The GAA based the decision to maintain its relationship with Allianz on the Ethics and Integrity Commission's report. Pic: Ray McManus/Sportsfile

The GAA’s ethics and integrity commission’s (EIC) review of its commercial relationship with Allianz has recommended the GAA conduct an ethical audit of all its contractual arrangements.

The Irish Examiner has seen the EIC’s report, which advised the GAA’s Management Committee’s decision last month to retain its links with Allianz despite highlighting a sibling company had links with the war in Gaza.

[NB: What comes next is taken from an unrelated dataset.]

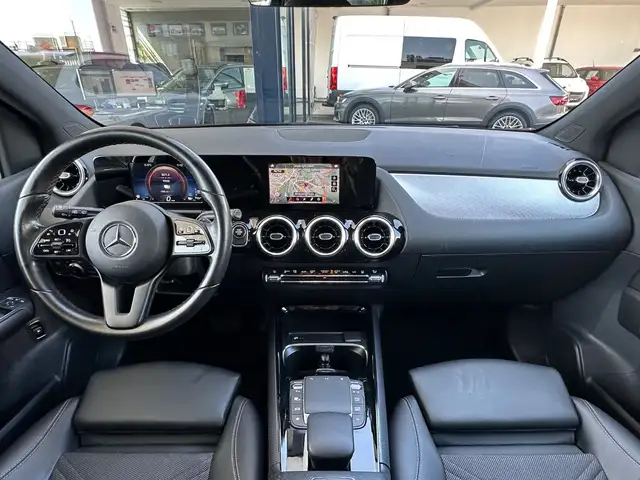 Mercedes-Benz B-Class view 13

Another recommendation made by the committee comprising Liam Keane, Con Hogan and Liam Spratt called on the GAA to approach Allianz PLC to use its influence to encourage other companies in the Allianz group to act in accordance with Irish, European and international law.

The body acknowledged Allianz PLC is owned by Allianz SE, which also owns a company implicated as financially profiting from the genocide in Gaza and is a shareholder in the implicated Elbit Systems, an Israel-based international military technology company.

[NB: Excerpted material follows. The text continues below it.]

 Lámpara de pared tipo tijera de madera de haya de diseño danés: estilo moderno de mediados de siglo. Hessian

What wasn’t mentioned in the GAA's press release before Christmas was the EIC’s other conclusion that the GAA “should ensure that all contractual arrangements are tested to ensure that parties with whom Association units are doing business are not themselves directly engaging in unethical activities.” 

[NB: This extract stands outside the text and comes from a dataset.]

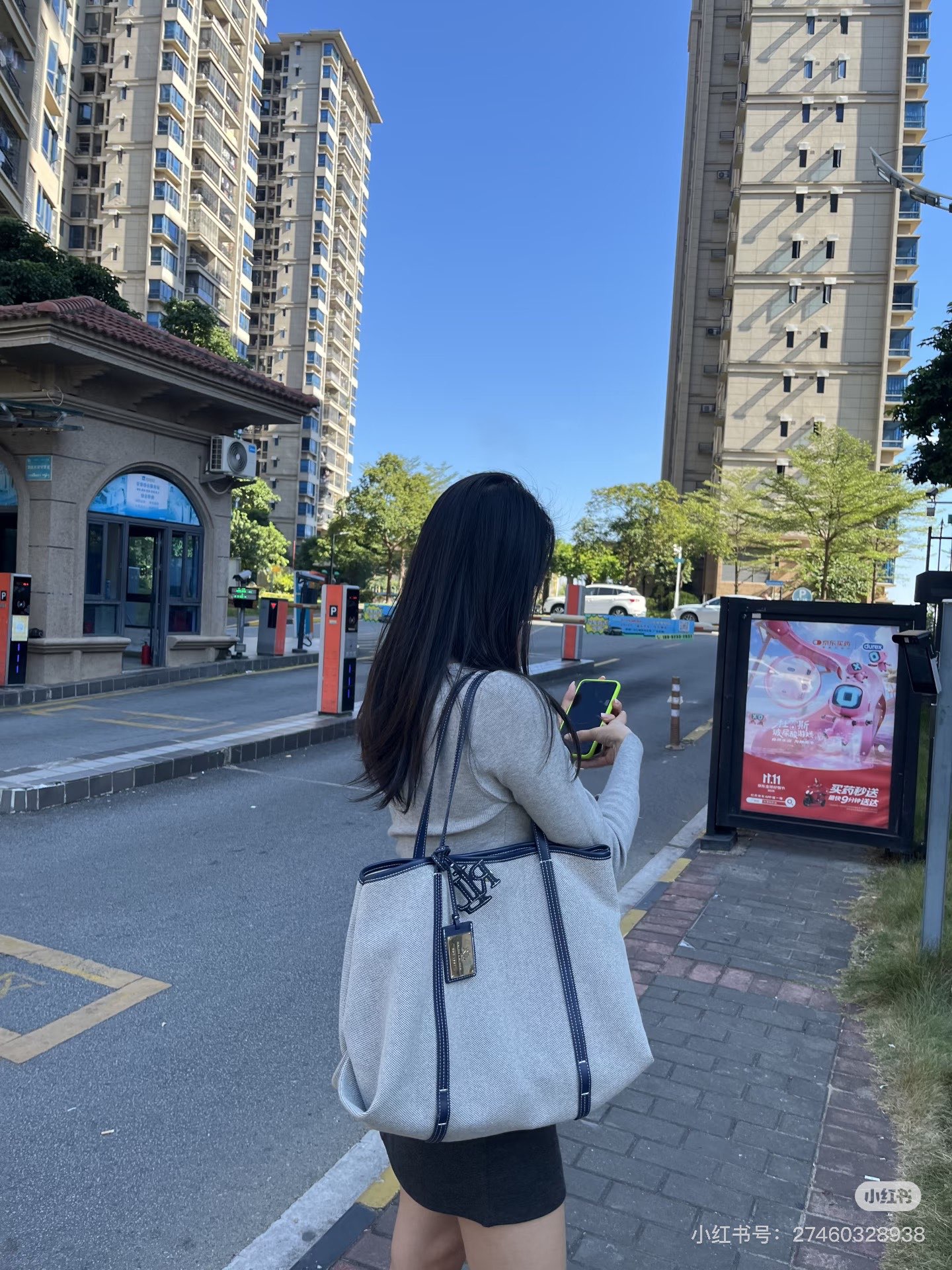 _d-_9sNlU39T4tTGkUy8curiBe3meSDjLSMePT8w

The report claimed “many GAA units” have sponsorship deals “with companies which are indirectly linked to Israeli economic activity in the Occupied Palestine Territories or to the Israeli Defence Forces.” They advise the GAA should “avoid sponsors who are directly involved in activities which conflict with the ethical standards to which the Association adheres e.g. violation of human rights, promotion of products which cause obesity, abuse of labour rights, environmental destruction.” 

The commission stressed “it would be wholly unreasonable to expect every unit to forensically audit and interrogate every company or individual with whom they propose to do business to ensure their practices are ethical”.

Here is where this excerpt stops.